Los Angeles voters will decide next month whether to nudge along the budding movement to create a public bank owned by the city.
The choice is a seemingly modest one: whether to alter the City Charter to allow L.A. to create a “purely commercial” enterprise.
City Council President Herb Wesson, who first floated the idea of a municipal bank more than a year ago, said the ballot measure is simply a way to gauge whether Angelenos want officials to explore a public bank before the city goes to the trouble of hammering out a detailed plan.
“If people say, ‘We don’t want you to do this,’ then we don’t move forward with it,” Wesson said.

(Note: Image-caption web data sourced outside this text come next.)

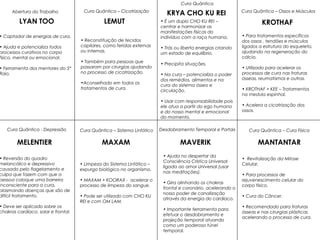 KROTHAF
KRYA CHO KU REI
LEMUT
MANTANTARMAVERIKMAXAM
LYAN TOO
MELENTIER
Desdobramento Temporal e Portais
• Ajuda no despertar da
Consciência Crística Universal
ligada ao amor Universal (usar
nas meditações).
• Gira alinhando os chakras
frontal e coronário, acelerando o
nosso poder de canalização
através da energia do cardíaco.
• Importante ferramenta para
efetuar o desdobramento e
projeção temporal atuando
como um poderoso túnel
temporal.
Cura Quântica
• É um duplo CHO KU REI –
centrar e harmonizar as
manifestações físicas do
indivíduo com a raça humana.
• Trás ou liberta energias criando
um estado de equilíbrio.
• Precipita situações.
• Na cura – potencializa o poder
dos remédios, alimentos e na
cura do sistema ósseo e
circulação.
• Usar com responsabilidade pois
ele atua a partir do ego humano
e do nosso mental e emocional
do momento.
• Limpeza do Sistema Linfático –
expurgo biológico no organismo.
• MAXAM + KOORAX - acelerar o
processo de limpeza do sangue.
• Pode ser utilizado com CHO KU
REI e com OM LAM.
Cura Quântica – Sistema LinfáticoCura Quântica - Depressão
• Reversão do quadro
melancólico e depressivo
causado pelo flagelamento e
culpa que fazem com que a
pessoa coloque uma barreira
inconsciente para a cura,
plasmando doenças que são de
difícil tratamento.
• Deve ser aplicado sobre os
chakras cardíaco, solar e frontal.
Cura Quântica – Cicatrização
• Reconstituição de tecidos
capilares, como feridas externas
ou internas.
• Também para pessoas que
passaram por cirurgias ajudando
no processo de cicatrização.
•Aconselhado em todos os
tratamentos de cura.
Cura Quântica – Cura Física
• Revitalização da Mitose
Celular.
• Para processos de
rejuvenescimento celular do
corpo físico.
• Cura do Câncer.
• Recomendado para fraturas
ósseas e nas cirurgias plásticas
acelerando o processo de cura.
Cura Quântica – Ossos e Músculos
• Para tratamentos específicos
dos ossos , tendões e músculos
ligados a estrutura do esqueleto,
ajudando na regeneração do
cálcio.
• Utilizado para acelerar os
processos de cura nas fraturas
ósseas, reumatismos e outras.
• KROTHAF + KEE – Tratamentos
na medula espinhal.
• Acelera a cicatrização dos
ossos.
Abertura do Trabalho
• Captador de energias de cura.
• Ajuda e potencializa todos
processos curativos no corpo
físico, mental ou emocional.
• Ferramenta dos mentores do 5*
Raio.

But public banking advocates nonetheless see Charter Amendment B as a potential watershed moment — one that could help shape the debate about public banks for years to come.
If the ballot measure passes, advocates say it would bring fresh momentum to the public banking movement, as Los Angeles could be the first jurisdiction in the U.S. where voters have signed off on the idea.
There are only two public banks in the United States and its territories: the Bank of North Dakota, which was founded nearly a century ago, and the recently formed Territorial Bank of American Samoa, which was created after commercial banks decided to stop doing business in the seven-island territory.
Economic justice groups and other advocacy organizations have backed the idea of financial institutions owned by cities or states as an alternative that could save money on banking fees, avoid risky financial schemes and predatory lending, refinance public debt at lower rates and generate profit that could be invested to help the community.
Backers have pointed to recent scandals at Wells Fargo, which admitted to creating as many as 3.5 million unauthorized accounts, as an example of the ills of the financial services industry.
They have also highlighted the successes of the Bank of North Dakota, arguing that it successfully weathered the last recession without the bailouts that went to Wall Street banks, and has returned tens of millions of dollars in profits to state coffers.
The ballot measure is “the first step in a process where Angelenos will decide what kind of bank they want to put their money in — the Wall Street banks that crashed the economy and invest in guns and oil — or a public institution that invests in Los Angeles,” wrote David Jette, legislative director for Public Bank L.A., a local group advocating for the measure.